---------- Data extract ----------

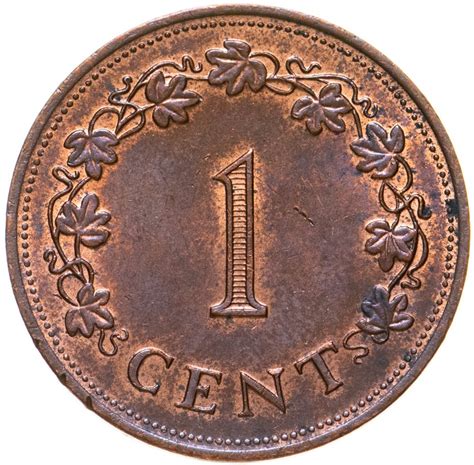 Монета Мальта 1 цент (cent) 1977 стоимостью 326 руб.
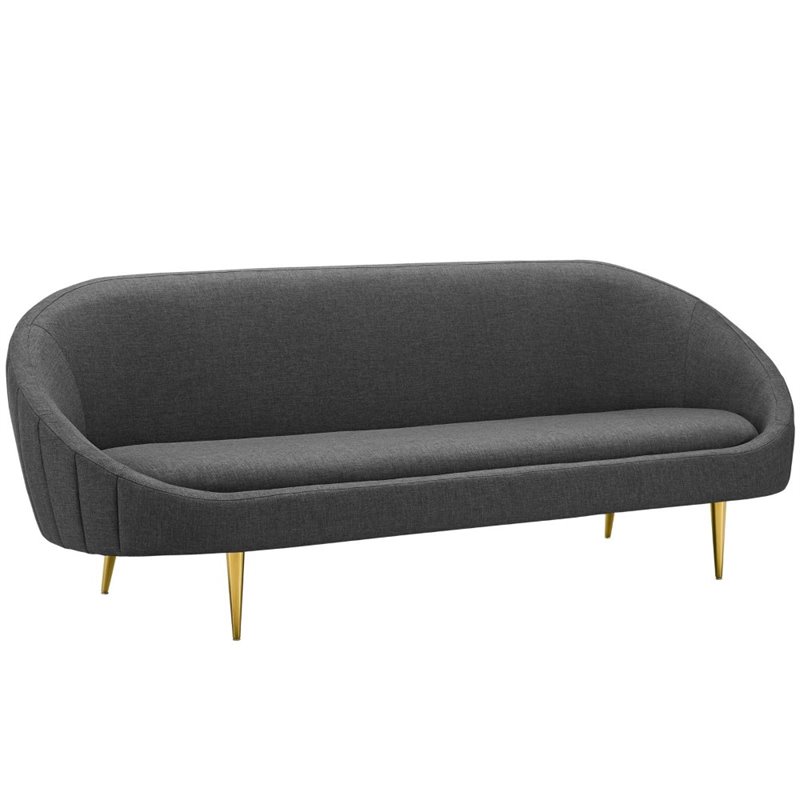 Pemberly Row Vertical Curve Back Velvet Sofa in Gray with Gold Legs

----------
---------- Data extract ----------

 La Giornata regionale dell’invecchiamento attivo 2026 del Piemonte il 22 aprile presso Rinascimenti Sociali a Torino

----------

- [Work item] Above are the records; copy from them only the lines starting at the one containing "Монета Мальта 1" and ending at the one containing "Pemberly Row Vertical", exactly and without pictures.

- [Result of this exercise]
 Монета Мальта 1 цент (cent) 1977 стоимостью 326 руб.
 Pemberly Row Vertical Curve Back Velvet Sofa in Gray with Gold Legs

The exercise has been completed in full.